PG凤凰传奇

書名： Scala for Data Science
作者名： Pascal Bugnion
本章字數： 1575字
更新時間： 2021-07-23 14:33:09

First steps with JDBC

Let's start by connecting to JDBC from the command line. To follow with the examples, you will need access to a running MySQL server. If you added the MySQL connector to the list of dependencies, open a Scala console by typing the following command:

$ sbt console

Let's import JDBC:

scala> import java.sql._
import java.sql._

We then need to tell JDBC to use a specific connector. This is normally done using reflection, loading the driver at runtime:

scala> Class.forName("com.mysql.jdbc.Driver")
Class[_] = class com.mysql.jdbc.Driver

This loads the appropriate driver into the namespace at runtime. If this seems somewhat magical to you, it's probably not worth worrying about exactly how this works. This is the only example of reflection that we will consider in this book, and it is not particularly idiomatic Scala.

Connecting to a database server

Having specified the SQL connector, we can now connect to a database. Let's assume that we have a database called test on host 127.0.0.1, listening on port 3306. We create a connection as follows:

scala> val connection = DriverManager.getConnection(
 "jdbc:mysql://127.0.0.1:3306/test",
 "root", // username when connecting
 "" // password
)
java.sql.Connection = com.mysql.jdbc.JDBC4Connection@12e78a69

The first argument to getConnection is a URL-like string with jdbc:mysql://host[:port]/database. The second and third arguments are the username and password. Pass in an empty string if you can connect without a password.

Creating tables

Now that we have a database connection, let's interact with the server. For these examples, you will find it useful to have a MySQL shell open (or a MySQL GUI such as MySQLWorkbench) as well as the Scala console. You can open a MySQL shell by typing the following command in a terminal:

$ mysql

As an example, we will create a small table to keep track of famous physicists. In a mysql shell, we would run the following command:

mysql> USE test;
mysql> CREATE TABLE physicists (
 id INT(11) AUTO_INCREMENT PRIMARY KEY,
 name VARCHAR(32) NOT NULL
);

To achieve the same with Scala, we send a JDBC statement to the connection:

scala> val statementString = """
CREATE TABLE physicists (
 id INT(11) AUTO_INCREMENT PRIMARY KEY,
 name VARCHAR(32) NOT NULL
)
"""

scala> val statement = connection.prepareStatement(statementString)
PreparedStatement = JDBC4PreparedStatement@c983201: CREATE TABLE ...

scala> statement.executeUpdate()
results: Int = 0

Let's ignore the return value of executeUpdate for now.

Inserting data

Now that we have created a table, let's insert some data into it. We can do this with a SQL INSERT statement:

scala> val statement = connection.prepareStatement("""
 INSERT INTO physicists (name) VALUES ('Isaac Newton')
""")

scala> statement.executeUpdate()
Int = 1

In this case, executeUpdate returns 1. When inserting rows, it returns the number of rows that were inserted.

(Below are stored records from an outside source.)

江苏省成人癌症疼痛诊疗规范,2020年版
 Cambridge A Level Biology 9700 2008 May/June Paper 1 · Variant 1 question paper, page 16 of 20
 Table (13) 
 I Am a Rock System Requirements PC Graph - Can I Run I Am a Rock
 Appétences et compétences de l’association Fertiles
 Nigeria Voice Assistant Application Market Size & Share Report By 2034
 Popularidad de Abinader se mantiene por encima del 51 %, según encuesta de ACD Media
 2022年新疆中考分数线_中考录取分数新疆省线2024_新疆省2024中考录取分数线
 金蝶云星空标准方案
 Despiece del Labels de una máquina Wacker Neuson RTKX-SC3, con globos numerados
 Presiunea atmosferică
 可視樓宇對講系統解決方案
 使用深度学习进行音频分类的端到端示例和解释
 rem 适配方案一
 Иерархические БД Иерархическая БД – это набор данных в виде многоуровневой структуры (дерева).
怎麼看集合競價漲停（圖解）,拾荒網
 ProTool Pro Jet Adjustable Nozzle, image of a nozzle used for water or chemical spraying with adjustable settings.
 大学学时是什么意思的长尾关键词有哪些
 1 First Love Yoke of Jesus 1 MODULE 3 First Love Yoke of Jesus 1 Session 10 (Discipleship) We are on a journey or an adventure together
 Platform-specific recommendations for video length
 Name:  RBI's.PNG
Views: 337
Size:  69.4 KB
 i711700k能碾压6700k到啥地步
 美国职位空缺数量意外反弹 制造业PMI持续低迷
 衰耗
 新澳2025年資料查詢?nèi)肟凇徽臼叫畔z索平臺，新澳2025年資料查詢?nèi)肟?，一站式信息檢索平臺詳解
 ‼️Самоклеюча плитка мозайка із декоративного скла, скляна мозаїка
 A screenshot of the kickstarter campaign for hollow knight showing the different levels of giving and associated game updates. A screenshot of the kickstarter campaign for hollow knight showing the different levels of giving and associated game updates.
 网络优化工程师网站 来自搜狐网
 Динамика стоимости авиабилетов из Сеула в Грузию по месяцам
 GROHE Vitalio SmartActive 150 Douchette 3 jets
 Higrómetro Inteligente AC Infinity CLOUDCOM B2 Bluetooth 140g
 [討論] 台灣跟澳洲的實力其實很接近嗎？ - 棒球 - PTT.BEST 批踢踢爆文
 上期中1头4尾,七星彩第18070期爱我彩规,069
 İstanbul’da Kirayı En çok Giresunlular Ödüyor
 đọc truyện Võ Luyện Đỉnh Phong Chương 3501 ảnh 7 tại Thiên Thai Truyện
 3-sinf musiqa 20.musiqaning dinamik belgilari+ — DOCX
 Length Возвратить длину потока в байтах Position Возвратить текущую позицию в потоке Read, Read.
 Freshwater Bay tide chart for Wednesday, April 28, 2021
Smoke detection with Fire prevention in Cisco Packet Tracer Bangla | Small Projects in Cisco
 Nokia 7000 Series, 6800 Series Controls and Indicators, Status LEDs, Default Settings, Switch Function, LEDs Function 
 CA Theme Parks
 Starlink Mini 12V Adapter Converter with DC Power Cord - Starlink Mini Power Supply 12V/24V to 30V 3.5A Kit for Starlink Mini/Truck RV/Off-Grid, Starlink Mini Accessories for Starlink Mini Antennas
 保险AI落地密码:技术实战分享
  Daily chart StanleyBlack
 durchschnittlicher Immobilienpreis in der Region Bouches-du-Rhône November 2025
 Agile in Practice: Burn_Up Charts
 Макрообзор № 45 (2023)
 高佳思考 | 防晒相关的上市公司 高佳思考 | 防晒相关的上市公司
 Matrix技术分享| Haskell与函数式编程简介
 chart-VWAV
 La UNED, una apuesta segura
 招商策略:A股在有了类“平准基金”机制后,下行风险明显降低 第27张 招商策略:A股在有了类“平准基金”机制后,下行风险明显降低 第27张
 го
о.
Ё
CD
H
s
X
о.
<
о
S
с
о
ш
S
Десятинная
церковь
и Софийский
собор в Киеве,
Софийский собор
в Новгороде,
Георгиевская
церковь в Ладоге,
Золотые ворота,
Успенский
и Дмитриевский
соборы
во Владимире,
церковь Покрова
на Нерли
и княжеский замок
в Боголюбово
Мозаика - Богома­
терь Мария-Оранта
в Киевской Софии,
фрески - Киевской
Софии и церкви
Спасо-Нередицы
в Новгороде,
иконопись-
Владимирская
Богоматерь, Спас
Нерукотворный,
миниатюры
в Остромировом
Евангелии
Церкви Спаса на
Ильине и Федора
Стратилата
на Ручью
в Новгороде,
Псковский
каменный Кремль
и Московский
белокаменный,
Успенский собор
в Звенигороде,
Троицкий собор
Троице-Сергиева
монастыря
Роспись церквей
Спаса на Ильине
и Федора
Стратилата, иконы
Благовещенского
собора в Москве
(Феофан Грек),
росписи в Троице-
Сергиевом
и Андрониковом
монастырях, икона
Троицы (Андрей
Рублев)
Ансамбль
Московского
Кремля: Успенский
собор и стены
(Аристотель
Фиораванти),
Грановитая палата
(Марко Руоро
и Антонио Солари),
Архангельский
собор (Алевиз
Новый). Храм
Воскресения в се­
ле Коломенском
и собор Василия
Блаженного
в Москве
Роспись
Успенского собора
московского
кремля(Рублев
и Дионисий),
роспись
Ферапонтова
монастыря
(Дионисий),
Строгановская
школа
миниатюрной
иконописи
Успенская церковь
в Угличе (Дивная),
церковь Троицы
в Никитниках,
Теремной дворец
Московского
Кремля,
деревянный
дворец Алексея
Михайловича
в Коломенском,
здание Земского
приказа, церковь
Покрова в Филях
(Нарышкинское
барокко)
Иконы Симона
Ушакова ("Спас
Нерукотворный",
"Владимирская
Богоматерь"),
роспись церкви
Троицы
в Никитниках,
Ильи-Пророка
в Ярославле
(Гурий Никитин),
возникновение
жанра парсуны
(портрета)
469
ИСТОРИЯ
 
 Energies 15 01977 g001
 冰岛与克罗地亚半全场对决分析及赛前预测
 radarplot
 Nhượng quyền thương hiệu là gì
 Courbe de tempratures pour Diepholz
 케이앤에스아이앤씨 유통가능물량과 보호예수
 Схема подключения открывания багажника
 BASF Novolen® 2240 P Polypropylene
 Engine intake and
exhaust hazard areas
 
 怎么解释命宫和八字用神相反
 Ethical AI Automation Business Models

Similarly, if we had used a SQL UPDATE statement, this would return the number of rows that were updated. For statements that do not manipulate rows directly (such as the CREATE TABLE statement in the previous section), executeUpdate just returns 0.

Let's just jump into a mysql shell to verify the insertion performed correctly:

mysql> select * from physicists ;
+----+--------------+
| id | name |
+----+--------------+
| 1 | Isaac Newton |
+----+--------------+
1 row in set (0.00 sec)

Let's quickly summarize what we have seen so far: to execute SQL statements that do not return results, use the following:

val statement = connection.prepareStatement("SQL statement string")
statement.executeUpdate()

In the context of data science, we frequently need to insert or update many rows at a time. For instance, we might have a list of physicists:

scala> val physicistNames = List("Marie Curie", "Albert Einstein", "Paul Dirac")

We want to insert all of these into the database. While we could create a statement for each physicist and send it to the database, this is quite inefficient. A better solution is to create a batch of statements and send them to the database together. We start by creating a statement template:

scala> val statement = connection.prepareStatement("""
 INSERT INTO physicists (name) VALUES (?)
""")
PreparedStatement = JDBC4PreparedStatement@621a8225: INSERT INTO physicists (name) VALUES (** NOT SPECIFIED **)

This is identical to the previous prepareStatement calls, except that we replaced the physicist's name with a ? placeholder. We can set the placeholder value with the statement.setString method:

scala> statement.setString(1, "Richard Feynman")

This replaces the first placeholder in the statement with the string Richard Feynman:

scala> statement
com.mysql.jdbc.JDBC4PreparedStatement@5fdd16c3:
INSERT INTO physicists (name) VALUES ('Richard Feynman')

Note that JDBC, somewhat counter-intuitively, counts the placeholder positions from 1 rather than 0.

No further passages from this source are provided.